◆ **ABOUT THIS TASK**:
Below are records with pictures in them. Transcribe everything from the line containing "Xà Bông Đa Năng" down to the line containing "Suv Truck 5d", exactly, and leave the pictures behind.

◆ **RECORDS FOR PROCESSING**:
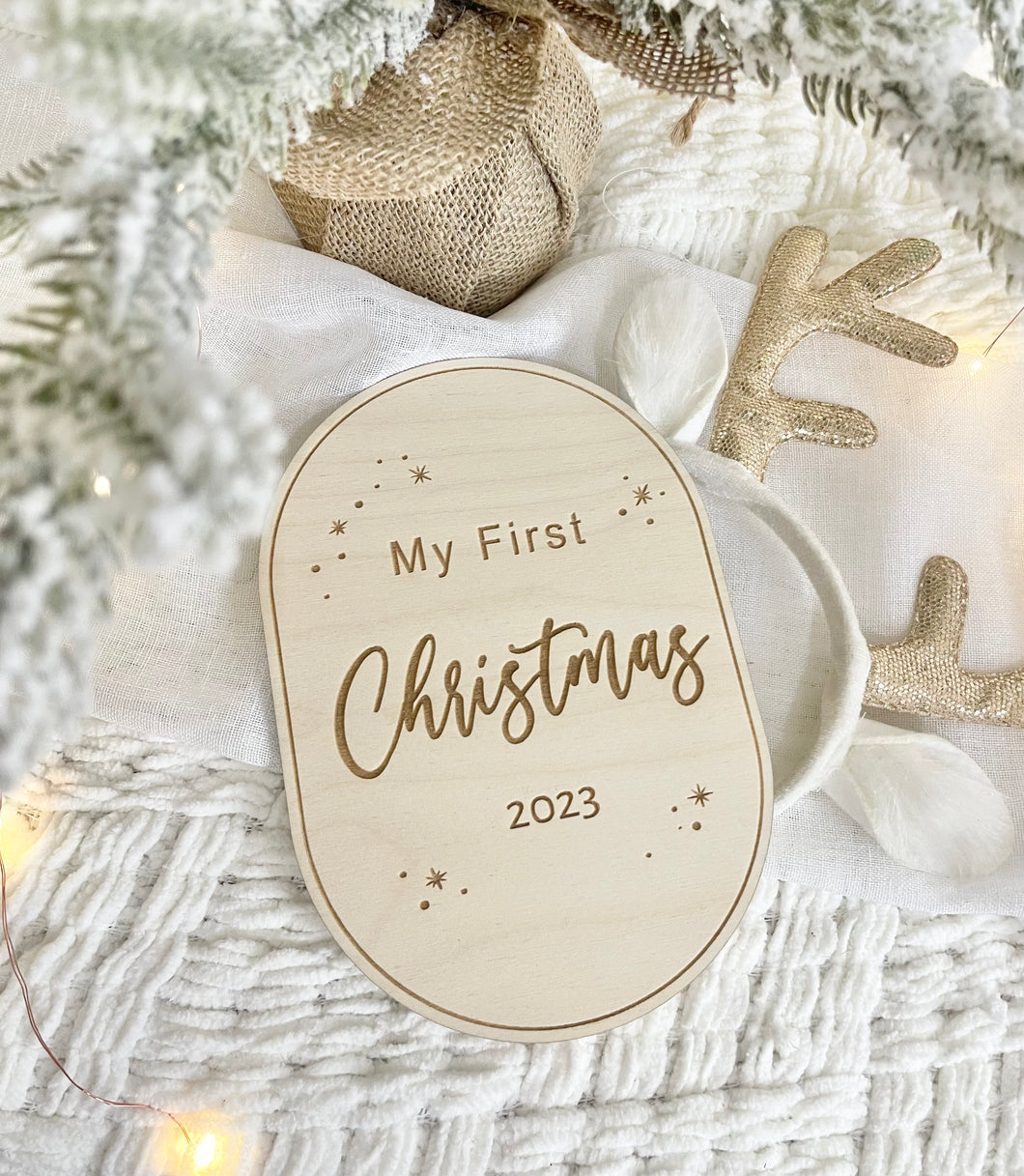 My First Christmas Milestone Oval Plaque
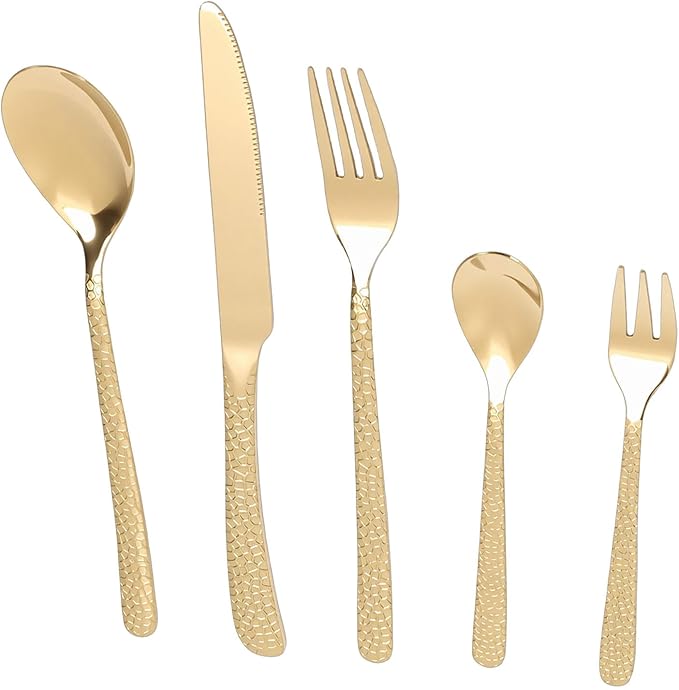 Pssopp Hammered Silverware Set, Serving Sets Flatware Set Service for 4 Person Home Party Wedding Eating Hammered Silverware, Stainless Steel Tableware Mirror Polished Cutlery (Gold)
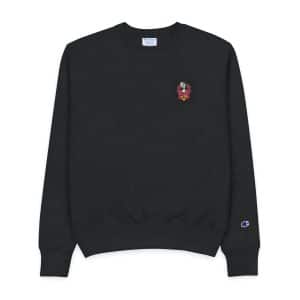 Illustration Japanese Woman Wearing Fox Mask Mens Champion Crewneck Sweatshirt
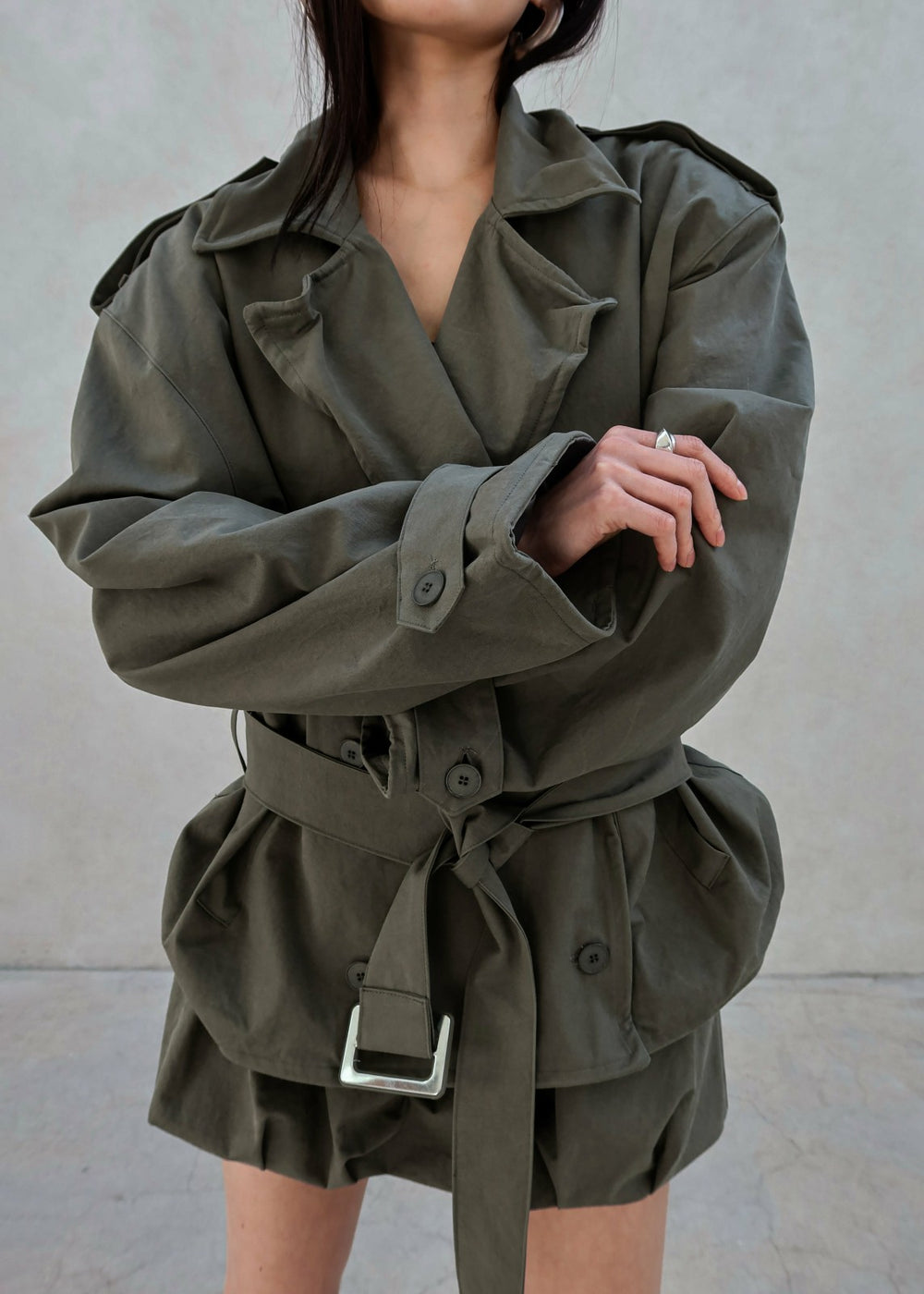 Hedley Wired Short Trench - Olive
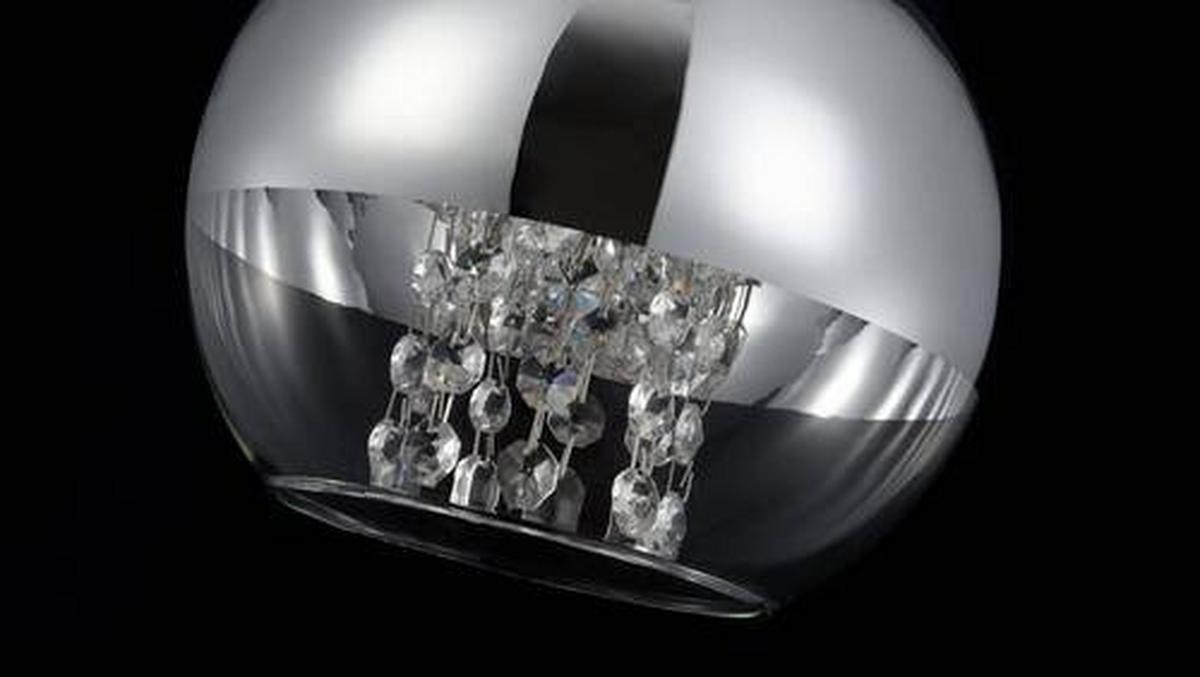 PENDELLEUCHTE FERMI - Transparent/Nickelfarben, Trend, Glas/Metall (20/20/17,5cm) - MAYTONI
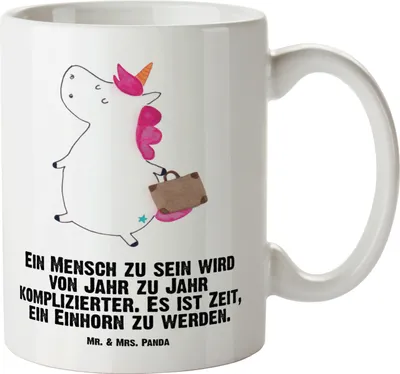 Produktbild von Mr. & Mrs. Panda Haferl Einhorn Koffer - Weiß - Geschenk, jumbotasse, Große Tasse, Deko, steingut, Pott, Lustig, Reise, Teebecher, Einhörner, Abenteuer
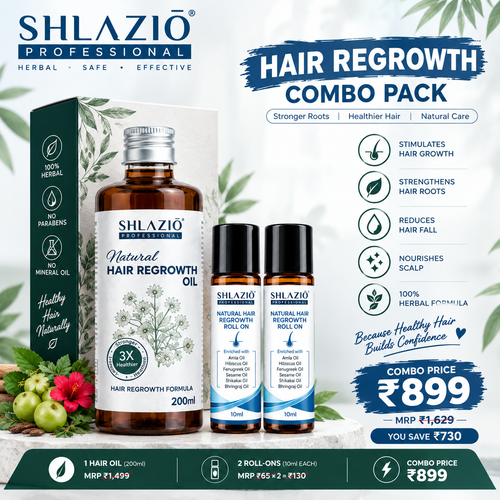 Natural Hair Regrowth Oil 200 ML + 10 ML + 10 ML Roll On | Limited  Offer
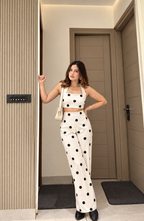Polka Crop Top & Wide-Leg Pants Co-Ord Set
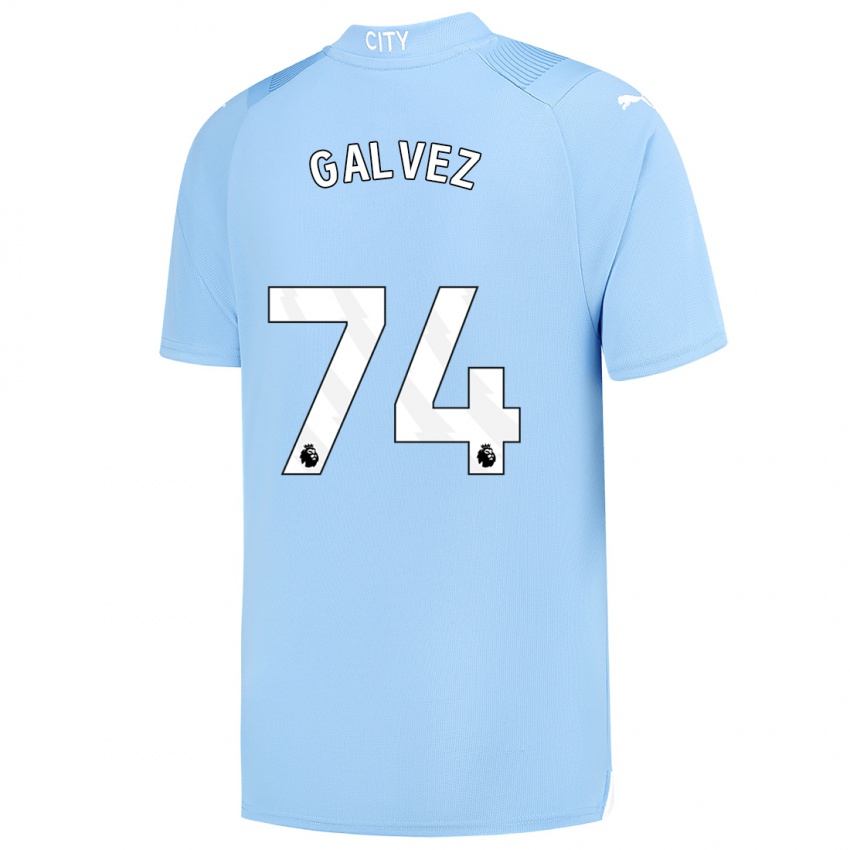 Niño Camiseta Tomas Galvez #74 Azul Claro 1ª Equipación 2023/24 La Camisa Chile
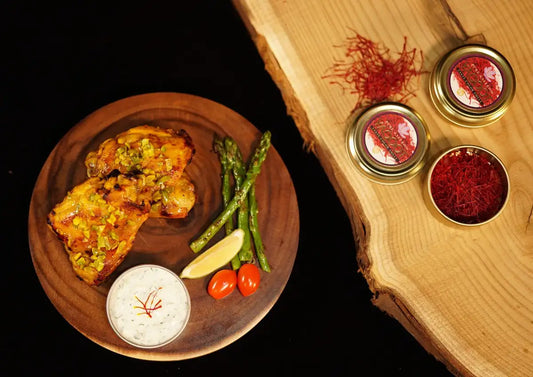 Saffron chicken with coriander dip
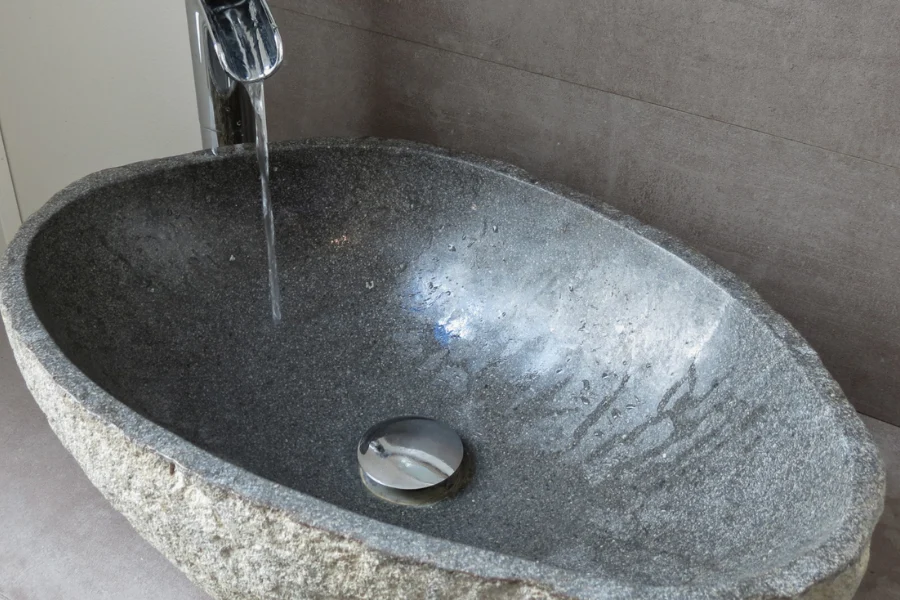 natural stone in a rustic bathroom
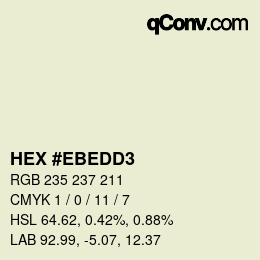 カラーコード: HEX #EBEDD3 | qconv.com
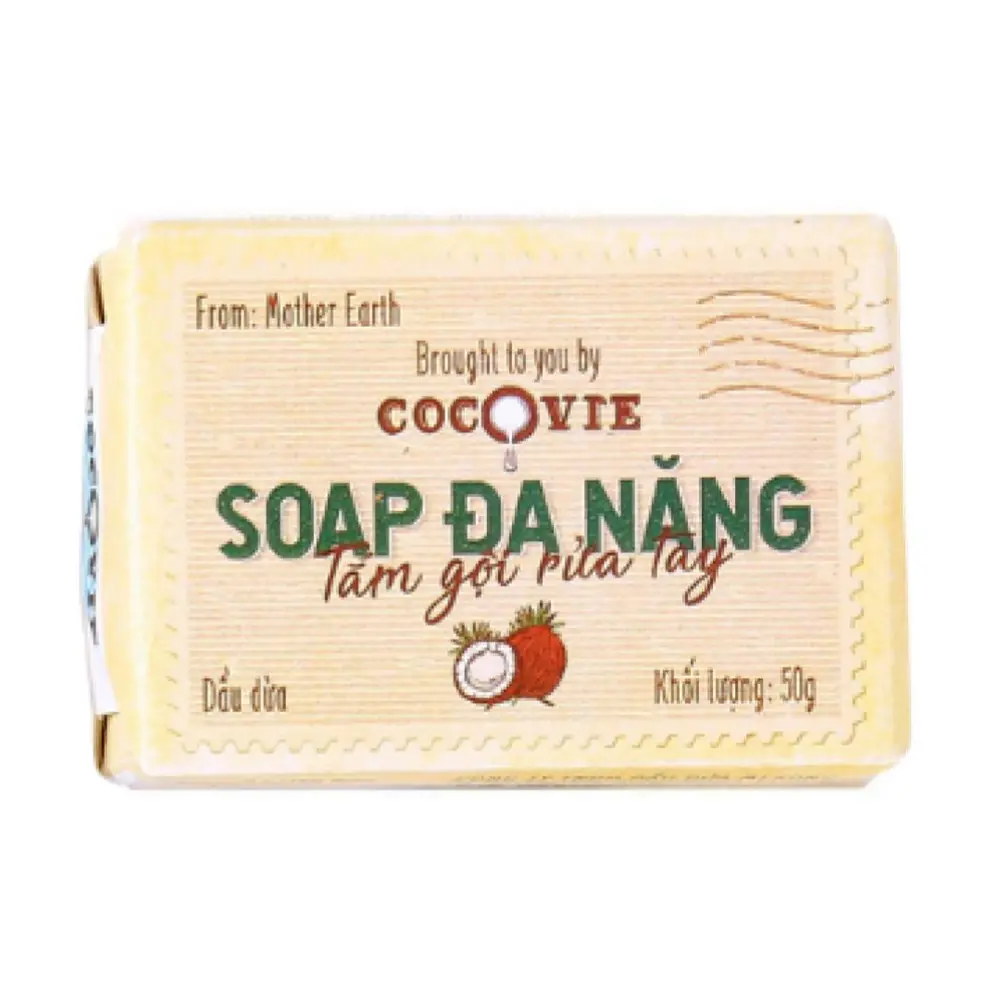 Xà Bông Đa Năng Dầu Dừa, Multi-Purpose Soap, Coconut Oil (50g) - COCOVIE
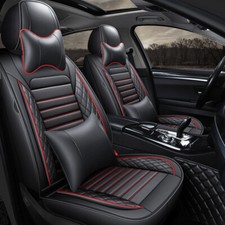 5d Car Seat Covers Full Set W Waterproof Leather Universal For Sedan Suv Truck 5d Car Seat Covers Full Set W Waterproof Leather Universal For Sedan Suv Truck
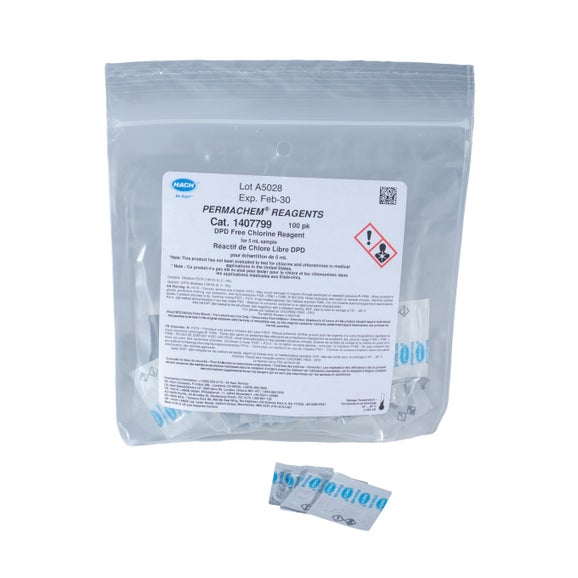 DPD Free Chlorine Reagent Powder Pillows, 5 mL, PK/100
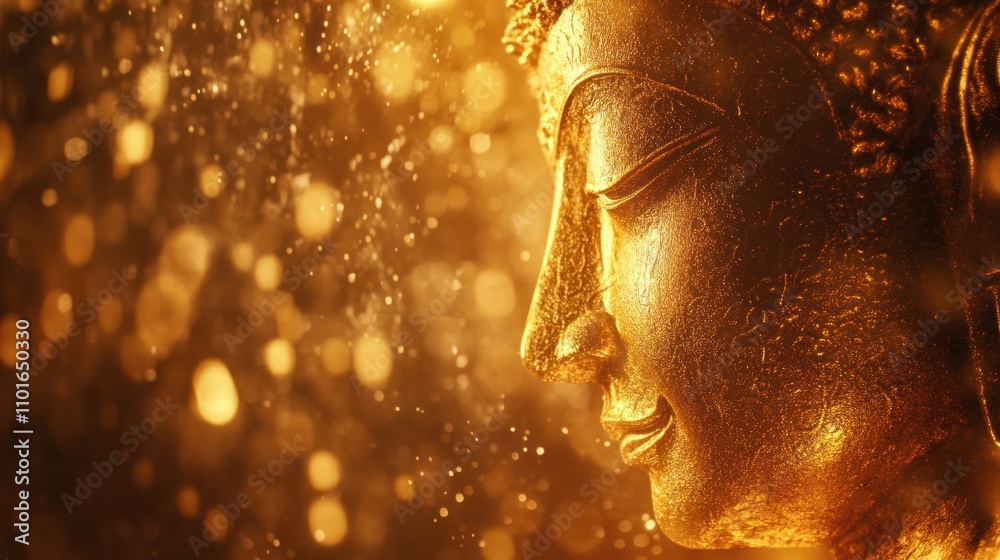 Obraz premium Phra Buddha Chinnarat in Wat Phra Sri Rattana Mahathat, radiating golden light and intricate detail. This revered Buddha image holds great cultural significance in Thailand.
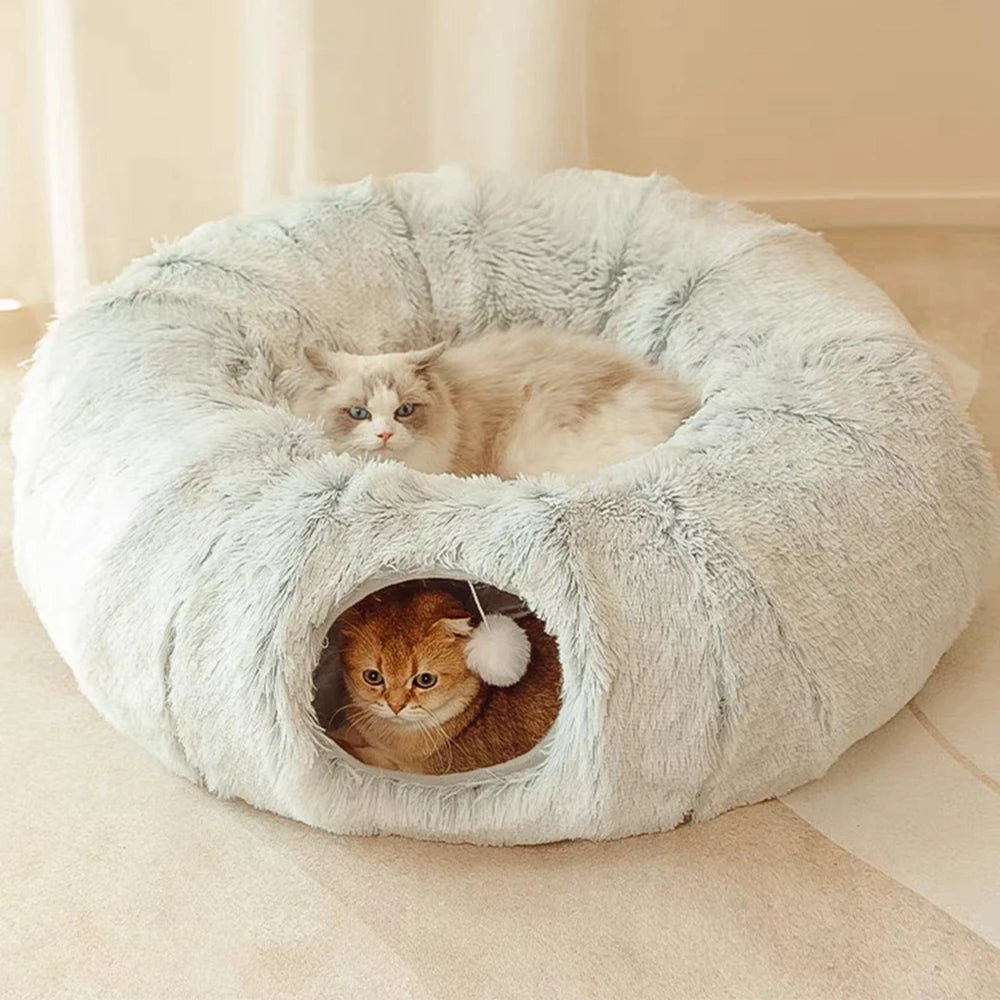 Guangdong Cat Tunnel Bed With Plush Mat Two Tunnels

◆ **RESPONSE AREA**:
 Xà Bông Đa Năng Dầu Dừa, Multi-Purpose Soap, Coconut Oil (50g) - COCOVIE
 5d Car Seat Covers Full Set W Waterproof Leather Universal For Sedan Suv Truck 5d Car Seat Covers Full Set W Waterproof Leather Universal For Sedan Suv Truck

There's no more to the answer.